Même si cette étude était la référence en matière de recherche sur l’innocuité des médicaments – assignant de manière aléatoire certains patients à prendre un médicament et d’autres à prendre un placebo – le but de l’étude était de tester l’innocuité des IPP uniquement chez les personnes ayant des artères endommagées à qui l’on avait prescrit de l’aspirine ou le fluidifiant sanguin Xarelto (rivaroxaban). Il est possible que les résultats soient différents dans d’autres groupes de personnes.

Certains effets secondaires pourraient également apparaître dans une étude plus vaste et plus longue qui n’a pas été réalisée dans le cadre de cet essai. « Nous ne pouvons toujours pas exclure un très faible risque de dommages », explique M. Moayyedi.

Pour l’instant, les questions de sécurité ne devraient pas dissuader les médecins de prescrire des IPP aux patients qui en ont besoin, explique Vandana Nehra, MD, professeur associé de médecine à la clinique Mayo de Rochester, dans le Minnesota.

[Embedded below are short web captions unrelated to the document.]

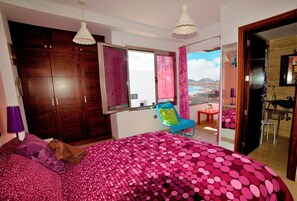 3 slaapkamers, een strijkplank/strijkijzer, gratis wifi, beddengoed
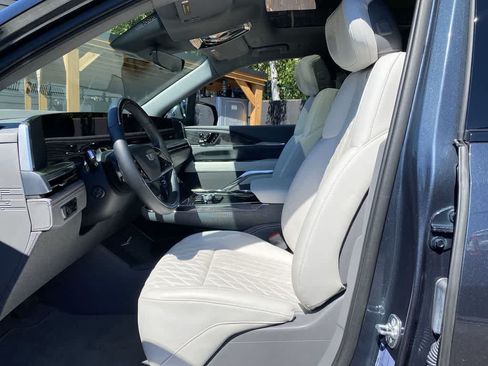 Certified 2025 Cadillac Escalade IQ Luxury 1 w/ Smart Trailering package AWD/4WD image 14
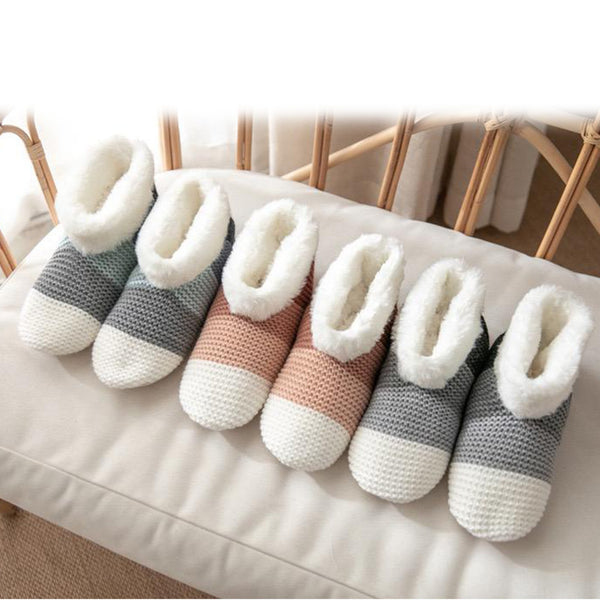 Medium fur patterned socks 1
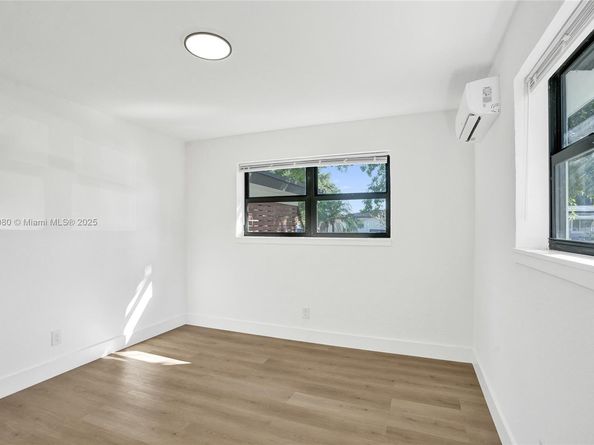 1302 S 22nd Ct, Hollywood FL 33020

C’est parce que la plupart des problèmes identifiés jusqu’à présent ont été trouvés dans des études d’observation qui ne peuvent pas prouver que les IPP ont directement causé des effets secondaires spécifiques, et parce que l’association n’était généralement pas forte, dit le Dr Nehra.

Mais les patients doivent quand même faire preuve de prudence et de bon sens.

Laissés à eux-mêmes, de nombreux patients peuvent prendre des IPP pour des affections que les médicaments sont censés traiter, puis prendre une dose supérieure à la recommandation pendant plus longtemps qu’ils ne le devraient lorsque les médicaments n’agissent pas, explique le Dr Nehra.

« Il est important d’utiliser les IPP sous la supervision d’un clinicien à la dose efficace la plus faible pendant la période la plus courte possible », a conseillé Mme Nehra.